Traditional#
Here’s something to chew on:
Great works of art endure because they interrogate dysfunction, particularly at the relational level—marriage, family, community, tribe, city, and ideology. They do so because dysfunction is an existential threat. A core principle of immunology is that the body must recognize non-self as soon as possible and eliminate it, lest dysfunction cascade into systemic failure. But in art, as in biology, the threshold of recognition is fraught with complications. The immune system’s sensitivity must balance precision with tolerance; too lax, and threats infiltrate unchecked; too aggressive, and it destroys its own host. The same dilemma plays out in literature, drama, and cinema. Tragedy, nihilism, and comedy are artistic explorations of this delicate equilibrium, where misrecognition—whether too early, too late, or too biased—determines fate.

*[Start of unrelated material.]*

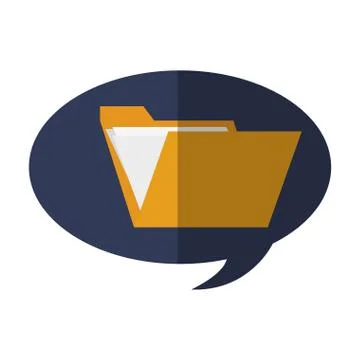 Isolated file design Stock Illustration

Fig. 36 I’d advise you to consider your position carefully (layer 3 fork in the road), perhaps adopting a more flexible posture (layer 4 dynamic capabilities realized), while keeping your ear to the ground (layer 2 yellow node), covering your retreat (layer 5 Athena’s shield, helmet, and horse), and watching your rear (layer 1 ecosystem and perspective).#
Tragedy reveals what happens when dysfunction is recognized either too late or when the response to it is maladaptive. In King Lear, Lear fails to recognize which of his daughters truly love him. His error sets in motion a cascade of destruction, much like a failing immune system that mistakes friend for foe and unleashes an autoimmune storm. The same principle applies to Othello, where Iago manipulates perception, altering Othello’s threshold for recognizing threat. Othello, like an immune system turned against its own cells, destroys Desdemona, ultimately self-destructing in the process. The lesson of tragedy is clear: misjudging non-self—either failing to detect it in time or mistaking self for non-self—is fatal.

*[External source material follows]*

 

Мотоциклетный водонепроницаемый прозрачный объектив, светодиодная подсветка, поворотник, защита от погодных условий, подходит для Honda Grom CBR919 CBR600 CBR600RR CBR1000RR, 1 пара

Nihilism emerges when dysfunction is recognized, but no viable resolution exists. When all equilibria collapse, when every relational structure—marriage, family, community—fails, what remains is despair or absurdity. This is the core tension in Hamlet’s existential paralysis. He perceives the rot in Denmark, but his attempts at resolution—whether through feigned madness, inaction, or violent vengeance—fail to restore equilibrium. The immune system has no answer to the corruption; it either overreacts or withers into inaction, leaving the host in a liminal space between life and death. The modern nihilistic response to dysfunction is resignation, the belief that the system is beyond repair. But this too is an adaptive failure, one that great art forces us to confront.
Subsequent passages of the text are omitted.